Apple uses this problem to check whether you can articulate the backtracking template: choose, explore, unchoose. The implementation should be clean enough to trace through verbally. If you have to think about what "unchoose" means, that's your homework tonight.
15. Minimum Time to Collect All Apples in a Tree (LC 2603): Yes, That One
This one is on the list because the problem is literally named "apples," and it appears in Apple's problem set with unusual frequency. Coincidence? Probably not. Either way, you need to know it.
A weighted undirected tree. Some nodes have apples. You start at root 0, must collect all apples, and each edge costs 2 (down and back). The answer is the sum of all edge costs on paths to apple-bearing subtrees, counted via DFS.
The key: if a subtree has no apples, skip it. The DFS returns whether its subtree has apples, and the parent accumulates cost only if the child subtree is non-empty. This greedy DFS combination rewards candidates who think before coding.
How to Prep This List
You don't need to memorize 15 solutions. You need to own 8 patterns.
The 15 problems above reduce to: sliding window, linked list pointer manipulation, Kadane's, greedy min-tracking, stack matching, BFS level collection, DFS path accumulation, and heap-based top-k selection. If you can apply each pattern under pressure, you can handle whatever Apple variant lands in your round.
For linked lists, practice until you never need to draw the pointer diagram. That's the baseline Apple expects for medium-tagged list problems. For tree problems, know both BFS and DFS fluently. Apple mixes them in the same round.
LRU Cache is the exception: write it from scratch at least three times until you can produce a working implementation in under 15 minutes. Not three times total. Three times this week. It is the single highest-frequency problem in Apple's loop.

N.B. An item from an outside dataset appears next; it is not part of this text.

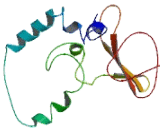 Autophagy Related Protein 2A (ATG2A)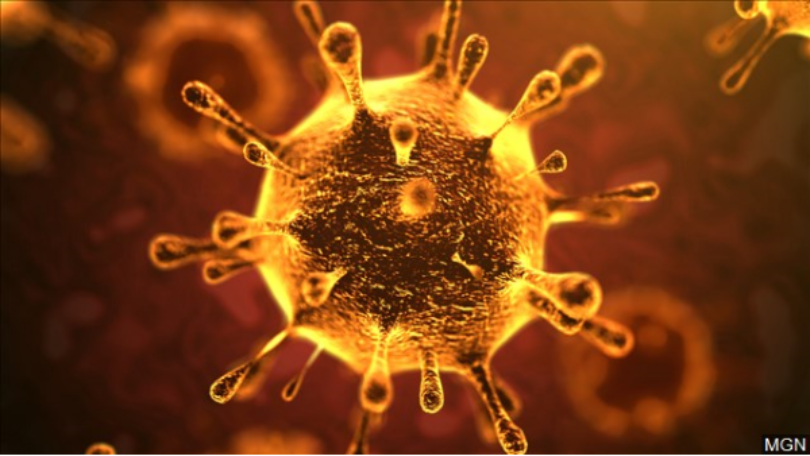 coronavirus+for+web1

Practice explaining your approach before touching the keyboard. Apple interviewers score communication alongside code. SpaceComplexity runs voice-based mock interviews with rubric feedback on both dimensions at once, which is the closest simulation to what Apple actually tests.
Key Takeaways
- LRU Cache (LC 146) is Apple's most-asked problem. Own it cold.
- Four of the fifteen problems are linked list manipulation. That cluster is not an accident.
- Apple's difficulty skews toward medium. Spend 60% of your prep there.
- For each problem, know the brute-force solution and one optimized version. Apple follow-up questions almost always ask you to improve.
- The letter combinations problem is the backtracking template. Master it once; handle LC 39, 46, and 78 with the same structure.